Il vero bene per ciascuno di noi è la vita; in nessun caso può esserlo la morte, la quale neppure si può accettare come mezzo per ottenere un qualche bene. La vita è il bene originario e fondamentale che abbiamo perché in definitiva si identifica con la nostra stessa persona. La mia vita sono io! E io, grazie alle caratteristiche della mia natura umana, ho dignità, cioè un valore incondizionato e permanente. Senza la mia vita, senza di me, è del tutto insensato pensare di ottenere e godere altri beni. Specularmente la morte è la negazione di ogni bene, in quanto cancella il soggetto che potrebbe goderne.
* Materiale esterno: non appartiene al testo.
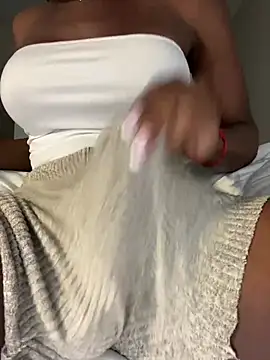 Chat +18 de Sweets_Keylin18 ao vivo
Ogni uomo, in ogni età e al di là di qualsiasi condizione di salute, di sesso, di cultura, di censo, di religione, conserva la sua natura; da essa deriva la sua dignità e da questa il suo diritto primordiale ad esistere e a vivere nel miglior modo possibile. Tristemente significativa è la rassegna, che i Vescovi fanno nel loro messaggio, delle situazioni in cui la morte viene cercata come soluzione a diversi problemi: l’aborto, l’eutanasia, il suicidio, assistito o meno, le violenze sui bambini, l’uccisione del proprio partner affettivo, l’abbandono al proprio destino di migranti, poveri e senza fissa dimora, la guerra e la distruzione del creato. È importante evidenziare il carattere ampiamente inclusivo e attuale di questo elenco, perché spesso ci si divide, anche tra cristiani, tra chi si dedica a contrastare il fenomeno abortivo, trascurando le sofferenze ad esempio dei migranti e chi si batte per il rispetto di questi ultimi, sminuendo la vita dei nascituri. Per essere coerenti difensori della dignità e della vita di tutti, non possiamo tralasciare nessuno e dobbiamo farci promotori instancabili di una genuina “cultura della vita”.
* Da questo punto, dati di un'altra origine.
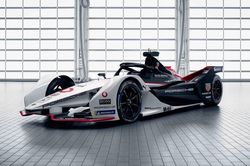 Porsche ra mắt xe đua chạy điện, thiết kế như phi thuyền vũ trụ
«Il Signore crocifisso e risorto – ma anche la retta ragione – osservano i Vescovi – ci indica una strada diversa: dare non la morte ma la vita, generare e servire sempre la vita … Ci esorta a educare le nuove generazioni alla gratitudine per la vita ricevuta e all’impegno di custodirla con cura, in sé e negli altri». Ciò che, per quanto ci è possibile, dobbiamo combattere e togliere, non sono le persone, ma ogni realtà che le ferisce, le sminuisce, le sfigura, le opprime, le fa soffrire, ciò che impedisce alla loro vita di fiorire e di essere goduta, in ogni sua dimensione, con i suoi limiti naturali e nonostante la sua insuperabile fragilità. È un impegno che credenti e non credenti possono condividere, «mobilitando sempre maggiori energie e risorse», perché la vita è interesse di tutti, è il valore umano fondamentale e universale.